No provision in the Plan or in any Option granted or Option
Agreement entered into pursuant to the Plan shall be construed to confer upon
any individual the right to remain in the employ of the Corporation or any
Subsidiary, or to interfere in any way with the right and authority of the
Corporation or any Subsidiary either to increase or decrease the compensation
of any individual at any time, or to terminate any employment or other
relationship between any individual and the Corporation or any Subsidiary. The
obligation of the Corporation to pay any benefits pursuant to the Plan shall be
interpreted as a contractual obligation to pay only those amounts described
herein, in the manner and under the conditions prescribed herein.
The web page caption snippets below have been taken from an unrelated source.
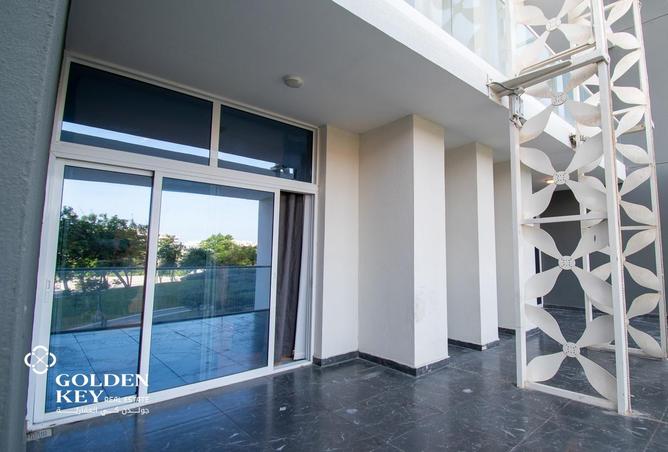 918555 - Property Image 2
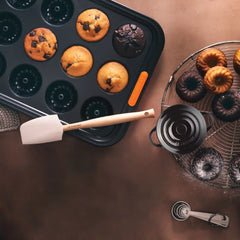 Non-stick Metal Bakeware 12-Cup Mini Fluted Cake Pan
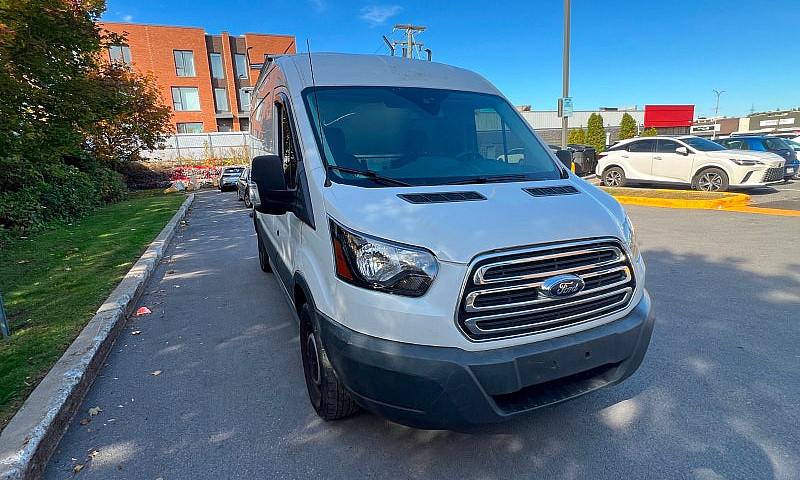 2018 Ford Transit T2...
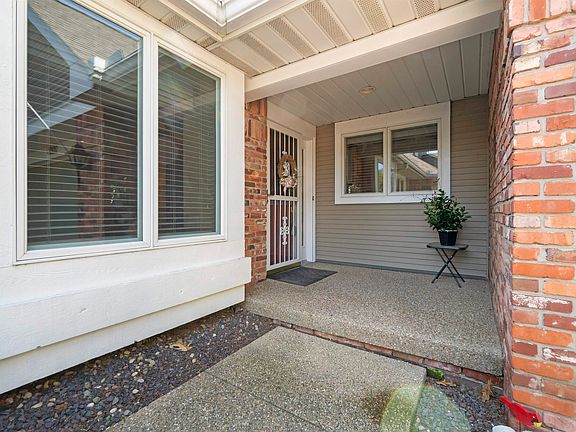 4th image of 7217 N Willow Bend Pointe #36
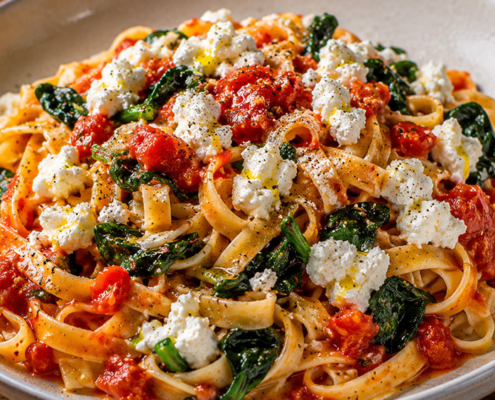 Tagliatelle-mit-Tomatensauce-Spinat-und-Ricotta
The Plan
shall in no way be interpreted to require the Corporation to transfer any
amounts to a third party trustee or otherwise hold any amounts in trust or
escrow for payment to any participant or beneficiary under the terms of the
Plan.
22. NONEXCLUSIVITY
Neither the adoption of the Plan nor the submission of the
Plan to the stockholders of the Corporation for approval shall be construed as
creating any limitations upon the right and authority of the Board to adopt
such other incentive compensation arrangements (which arrangements may be
applicable either generally to a class or classes of individuals or
specifically to a particular individual or individuals) as the Board in its
discretion determines desirable, including, without limitation, the granting of
stock options otherwise than under the Plan.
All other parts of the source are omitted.